We stop thinking about anger, we just allow it to happen.
Our brain recognizes that we are irritated and allows us to return to that pattern.
How to Break this Habit
The first step is acknowledging your anger and recognizing it.
Acknowledgment alone is not enough to cure your angry emotions. In the next section, we will discuss how you can develop tools to break your angry habits.
Tools to Break this Habit
Start to recognize when your anger is escalating.
Try breathing exercises, thought-stopping, or taking a time out.

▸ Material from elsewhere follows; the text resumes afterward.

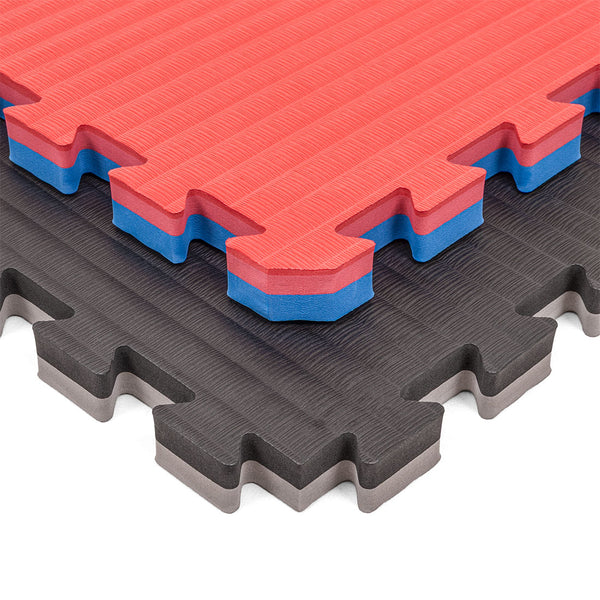 Two SMAI Jigsaw Mat - 3cm - Factory Seconds with cosmetic imperfections are stacked diagonally: the top shows red with a blue and white core, the bottom is black with a gray layer. Both mats feature textured surfaces.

Use timeout when you notice that your anger is starting to escalate. Remove yourself from the situation and stop thinking about it.
The Anger Meter
Online Anger Management Courses
This section has a little preview of the rich information included in our Fully Online Anger Management Level 1 and Level 2 online courses. Both of our courses are chalked full of valuable information to help you identify and manage anger.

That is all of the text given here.